SOURCE RECORDS Block Start

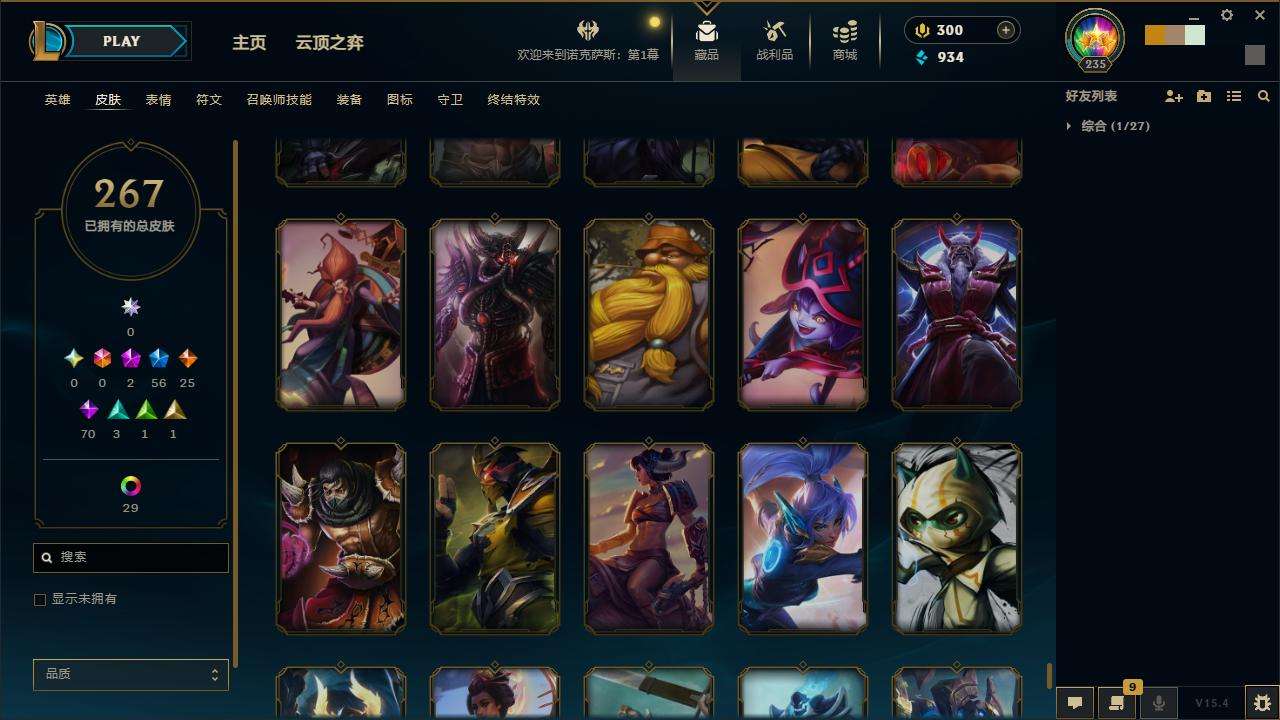 LOLZY32885英雄联盟账号详情图27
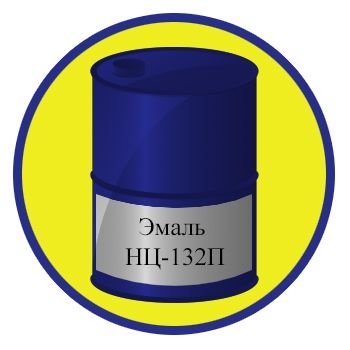 Эмаль Нц-132 (П)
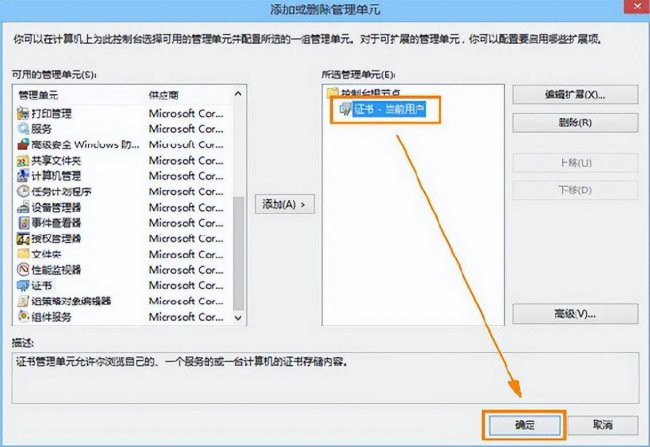 老电脑安全证书过期怎么处理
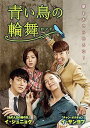 ◇青い鳥の輪舞(ロンド) DVD-SET4/GNBF3564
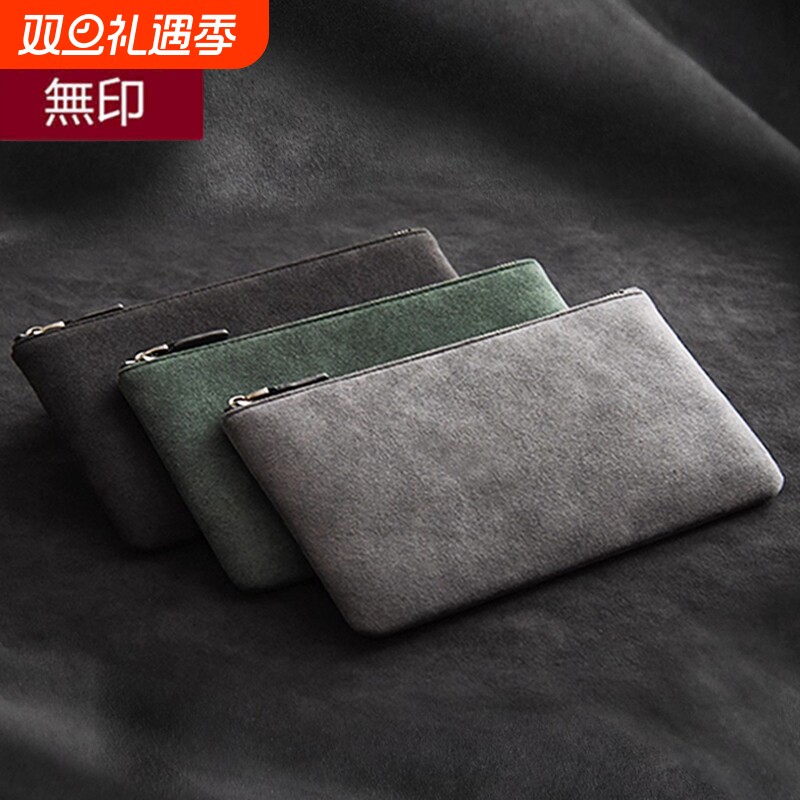 无印MUJ男士翻毛皮长款手拿包商务手抓新款手包简约手机信封钱包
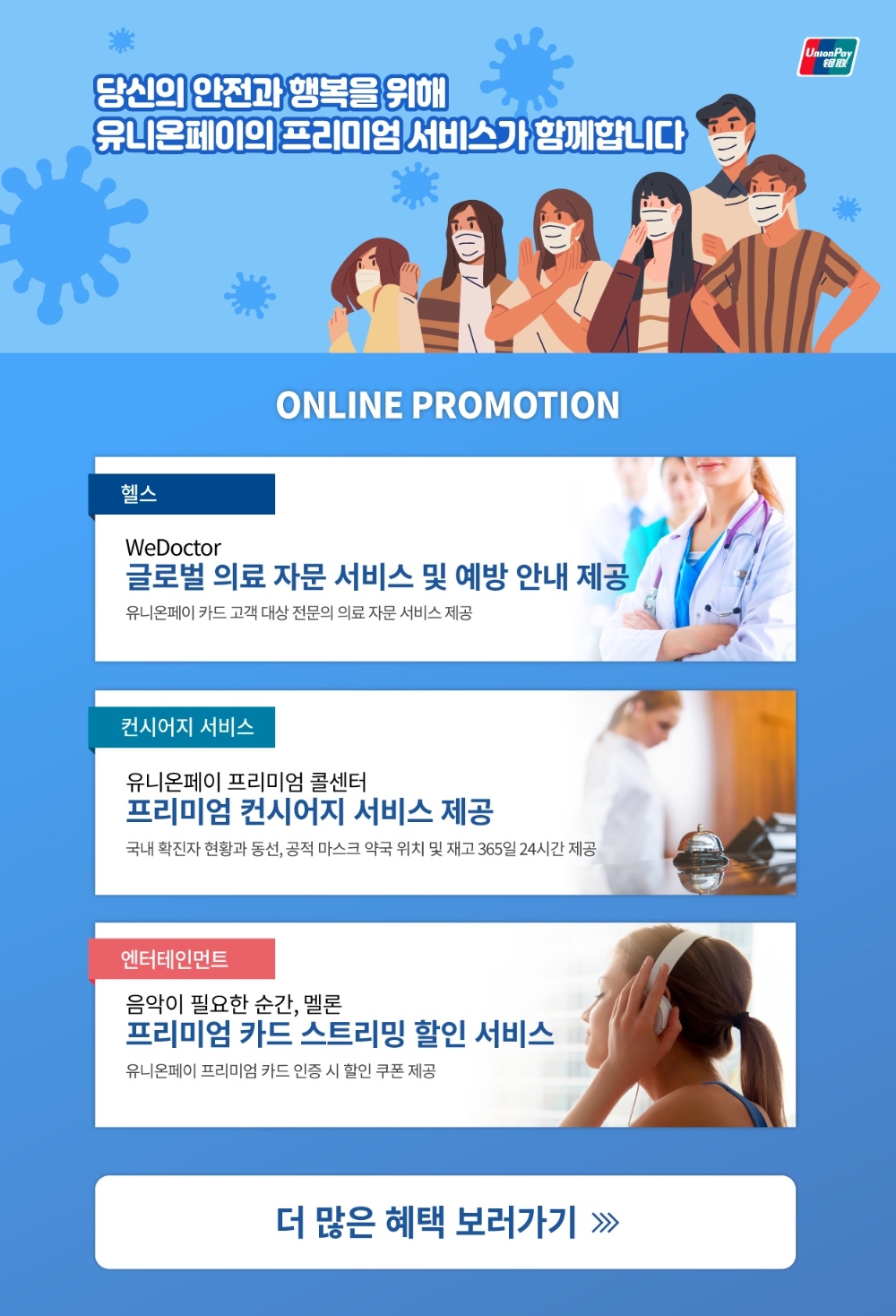 유니온페이 인터내셔널, 프리미엄 카드 혜택 업그레이드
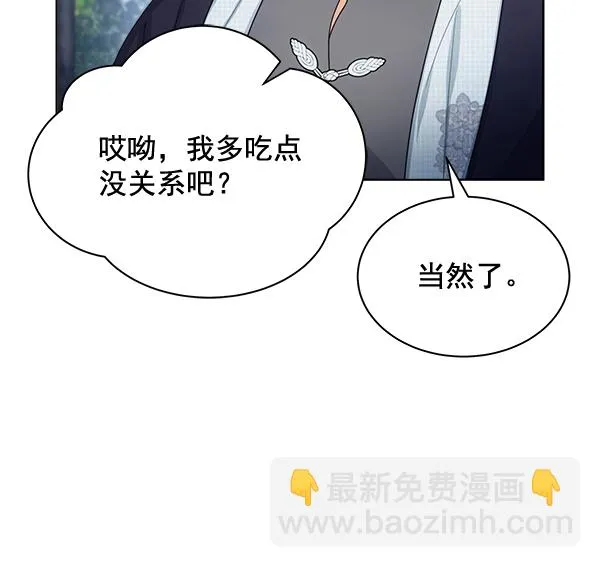 第35话 第90页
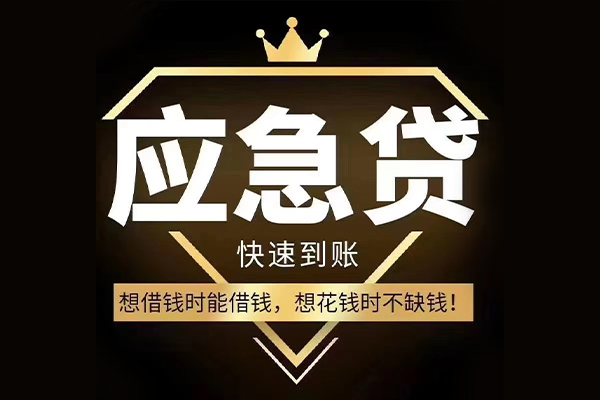 北京33小额短借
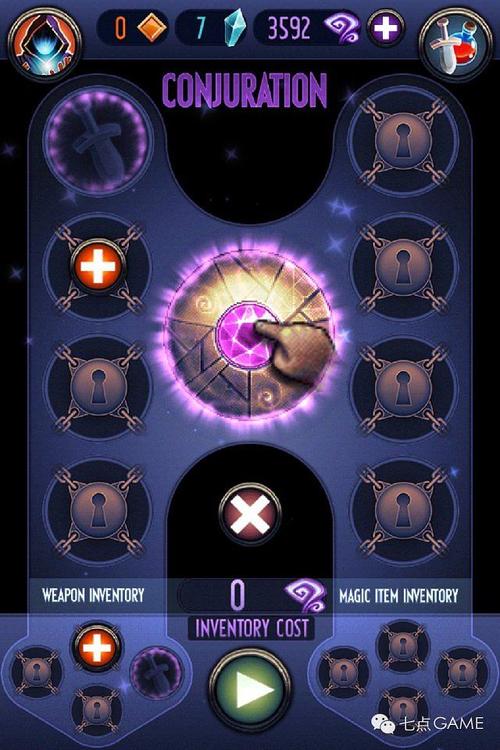 game.org i社游戏(游戏体验如何)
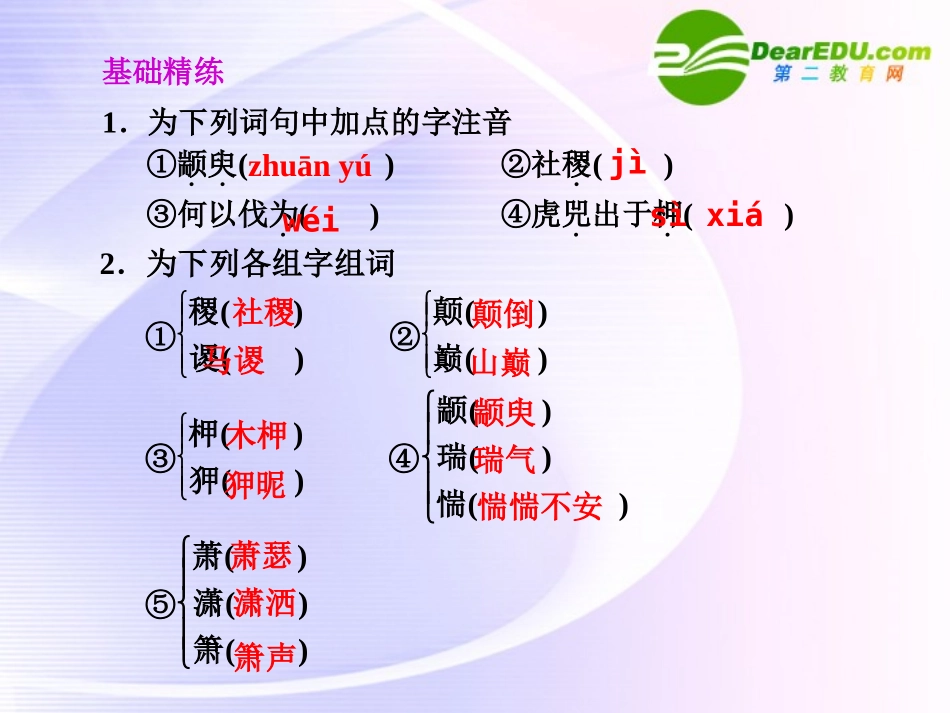 第1课 季氏将伐颛臾 第1课时 课件_第2页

SOURCE RECORDS Block End

### EXERCISE BRIEF
Retype the whole listing exactly. Do not include the pictures.

### WRITTEN REPLY
 LOLZY32885英雄联盟账号详情图27
 Эмаль Нц-132 (П)
 老电脑安全证书过期怎么处理
 ◇青い鳥の輪舞(ロンド) DVD-SET4/GNBF3564
 无印MUJ男士翻毛皮长款手拿包商务手抓新款手包简约手机信封钱包
 유니온페이 인터내셔널, 프리미엄 카드 혜택 업그레이드
 第35话 第90页
 北京33小额短借
 game.org i社游戏(游戏体验如何)
 第1课 季氏将伐颛臾 第1课时 课件_第2页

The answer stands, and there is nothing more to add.